Do you mean this one: if ((*bq_strat)->bs_id == 0) ?
I cannot check the value of the current strategy without running
__link_set_foreach(), or am I wrong?
> + /* sort method */
> + switch (method) {
> + case BUFQ_SORT_RAWBLOCK:
> + strlcpy(dks->dks_methodname, "sortblk",
> + sizeof(dks->dks_methodname));
> + break;
> + case BUFQ_SORT_CYLINDER:
> + strlcpy(dks->dks_methodname, "sortcyl",
> + sizeof(dks->dks_methodname));
> + break;
> + default:
>
> Is the default case really useful? when can it happen?
It's useful, because it needs to assign a default sort method.
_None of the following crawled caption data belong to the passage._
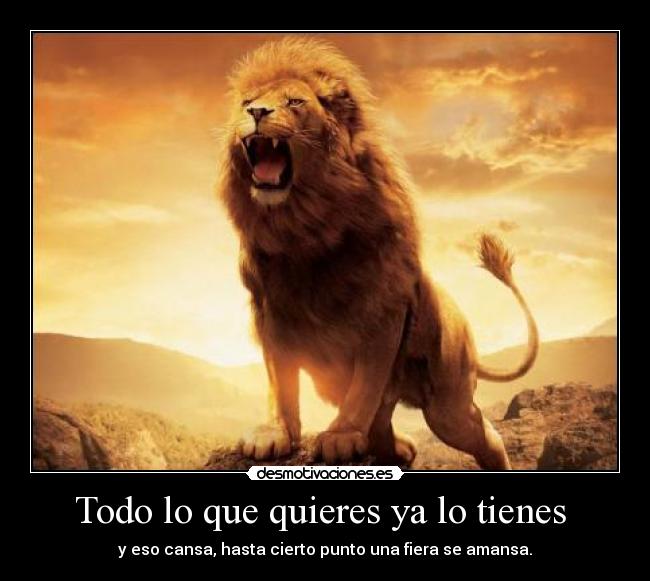 Todo lo que quieres ya lo tienes -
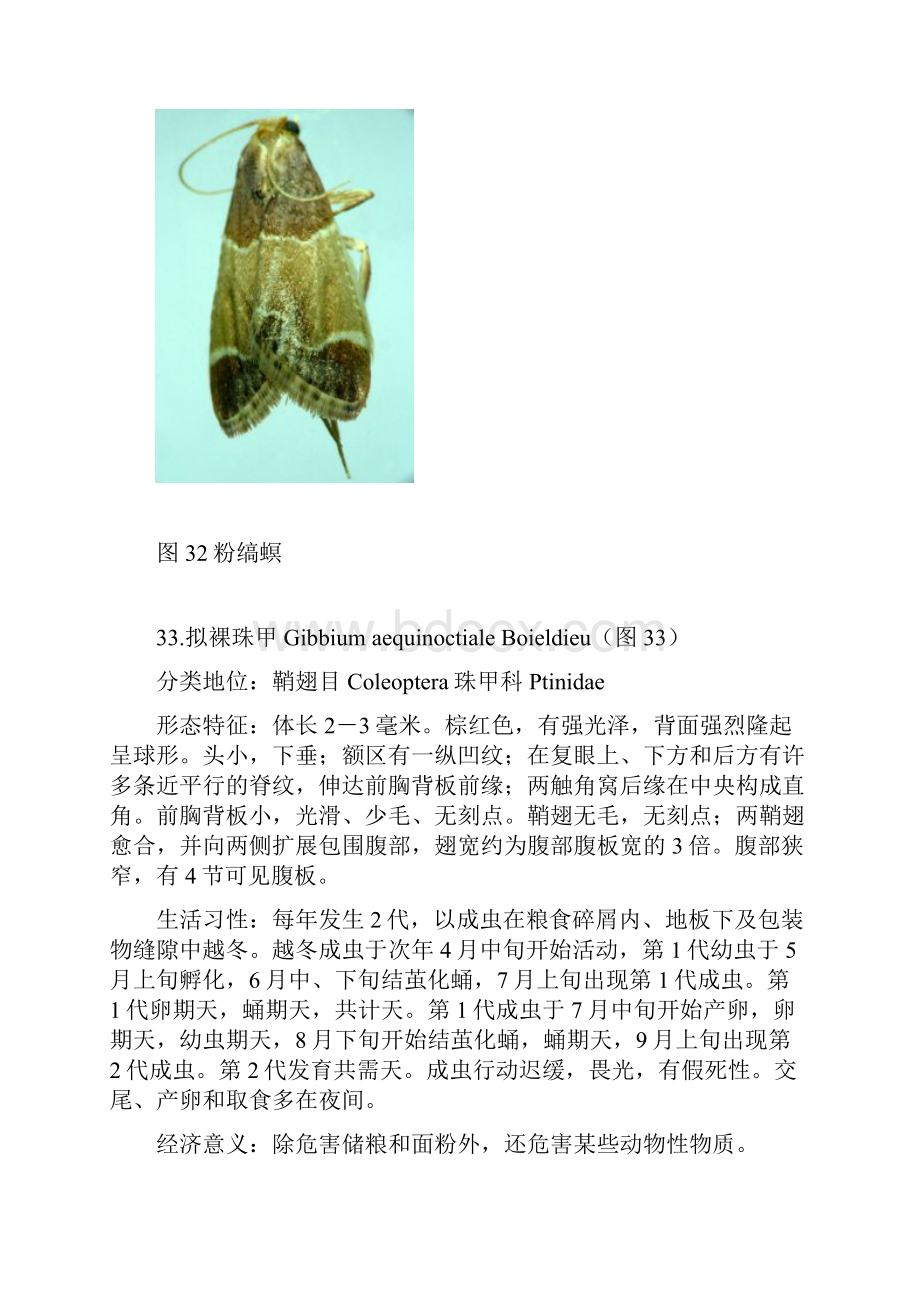 常见重要储粮害虫41种四.docx_第3页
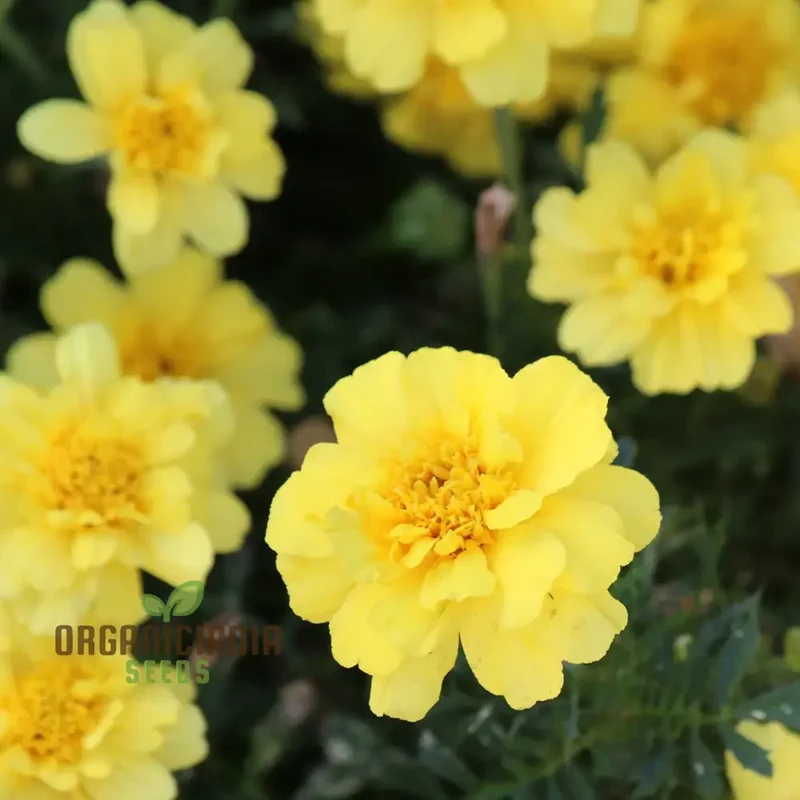 Marigold French Alumia Vanilla Cream Seeds Premium Quality Seeds for Beautiful Garden Blooms and Successful Gardening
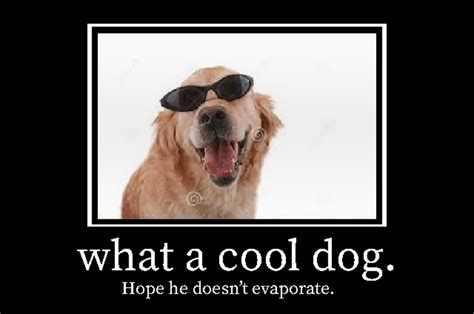 Cool Dog With Sunglasses Meme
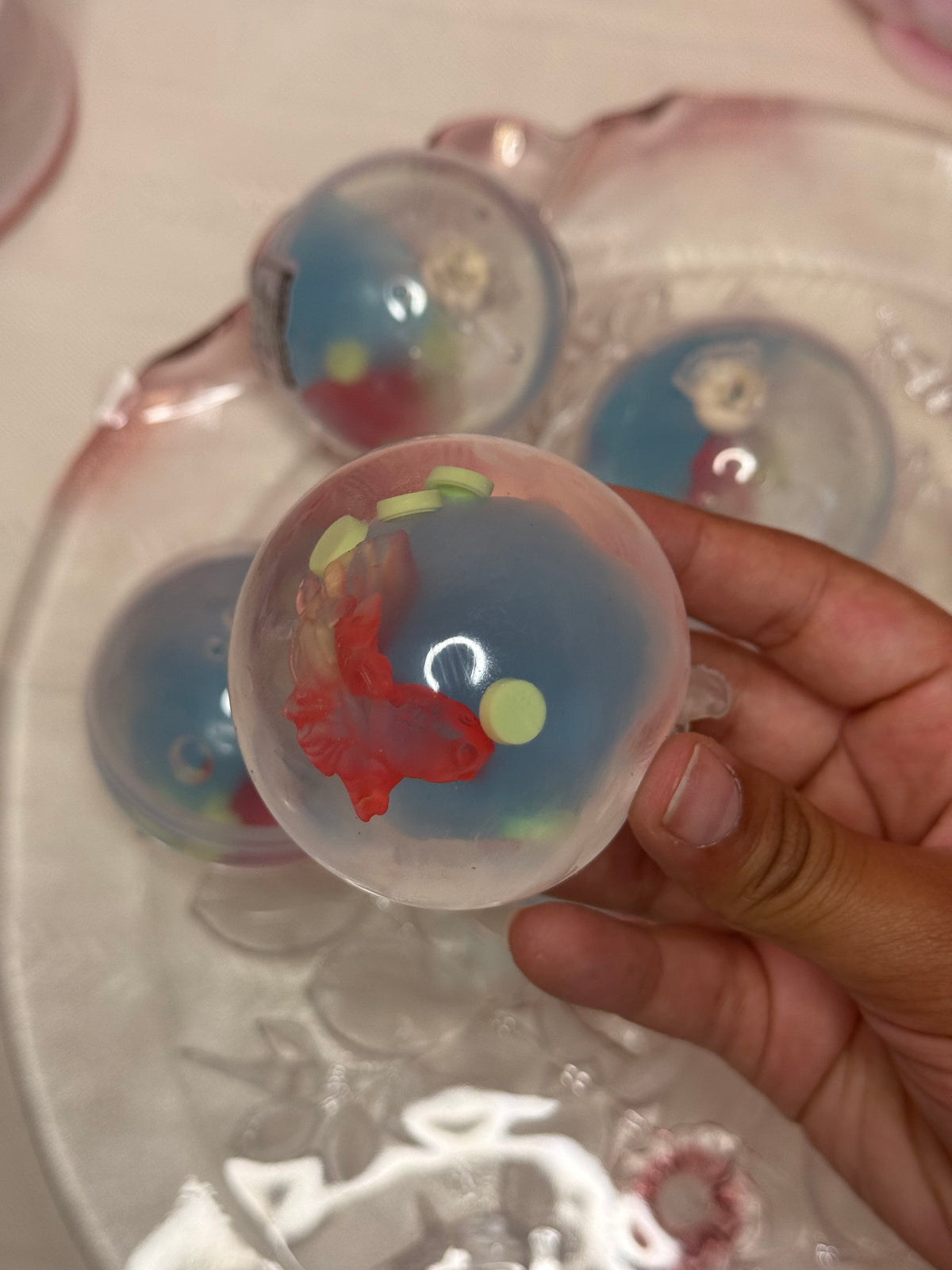 Tranquil Goldfish Pond- Handmade Coconut Jelly Ball
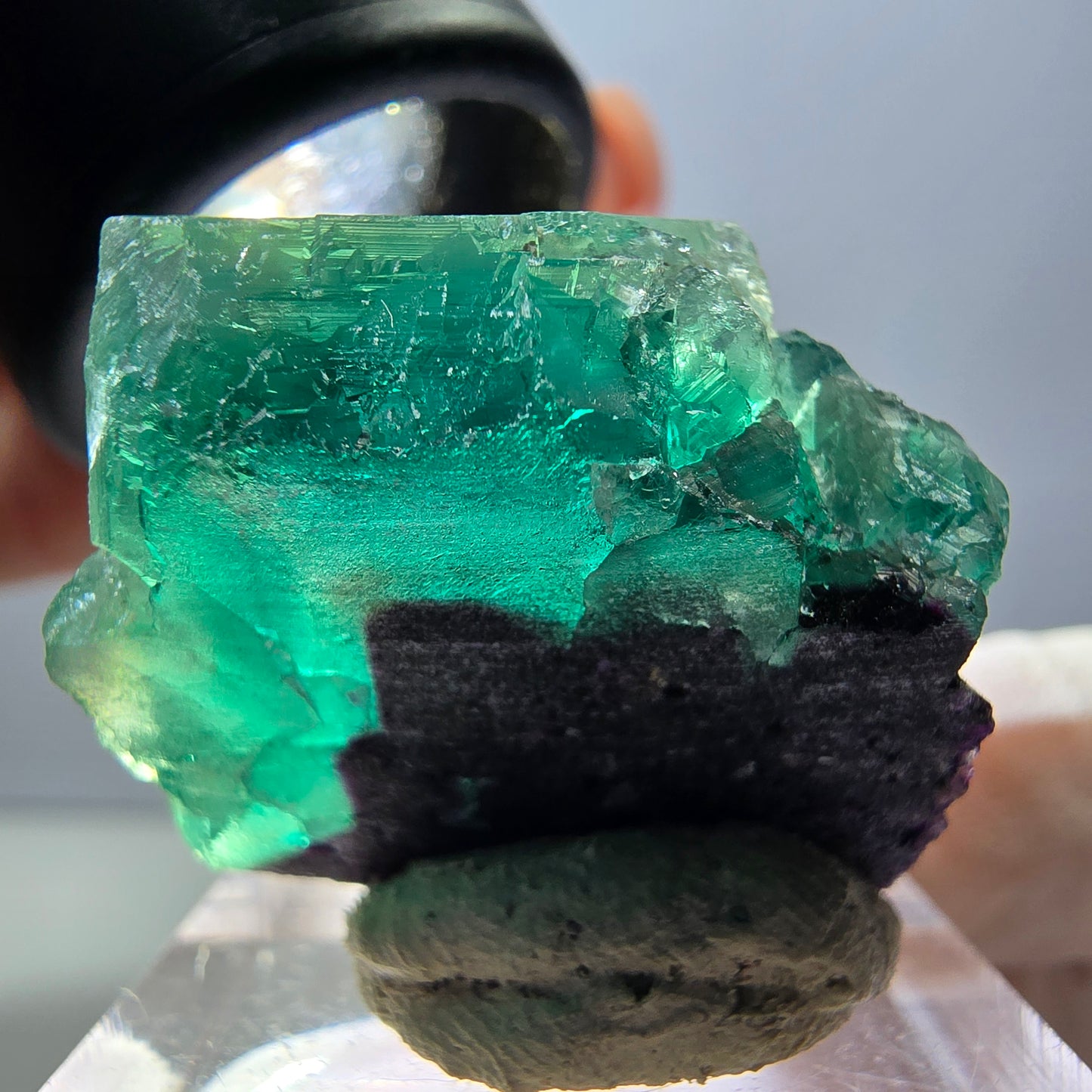 Spécimen rare de cube de fluorite fantôme, vert-violet, Okorusu, Namibie, 27 x 25 x 17 mm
Otherwise the kernel will panic().
> +int
> +disk_set_sched(void *ptr, struct disk_sched *dks)
> +{
> + __link_set_decl(bufq_strats, const struct bufq_strat);
> + const struct bufq_strat * const *bq_strat;
> + struct buf *bp;
> + struct bufq_state *bufq = ptr; /* orig bufq */
> + struct bufq_state tbufq; /* temporal bufq */
> + int s, bqflag;
> + boolean_t strat = FALSE;
> +
> + bqflag = 0;
> + __link_set_foreach(bq_strat, bufq_strats) {
> + if (strncmp(dks->dks_schedname, (*bq_strat)->bs_name,
> + sizeof(dks->dks_schedname)) == 0) {
> + bqflag = (*bq_strat)->bs_id;
> + strat = TRUE;
> + break;
> + }
> + }
> +
> + if (!strat)
> + return EINVAL;
> +
> move that before the foreach, then change the |= below to =. Then you
> can change the assignment in the foreach loop to |=. Then you don't
> need to initialize bqflag to zero. the names sortblk and sortcyl
> should probably be in a static array and the array used instead, so
> that we don't repeat strings in the kernel (yes the linker merges
> them, but what if they were in different files?)
Ok.
> retrieving revision 1.311
> diff -b -u -r1.311 wd.c
> --- sys/dev/ata/wd.c 5 Sep 2005 22:55:31 -0000 1.311
> +++ sys/dev/ata/wd.c 22 Sep 2005 01:28:08 -0000
> @@ -73,6 +73,8 @@
> #endif /* ATADEBUG */
>
> #include "rnd.h"
> +/* to change the disk I/O scheduler on the fly */
> +#include "opt_disk_scheduler_custom.h"
>
> Why have this conditional?
I thought it might be useful for embedded devices with low memory,
I can disable it if you want.
I want to say all things I've fixed in my patch:
* First version: patch implemented passing bits from userland to kernel
and vice-versa.
Answer: yamt and cube suggested to make this passing strings.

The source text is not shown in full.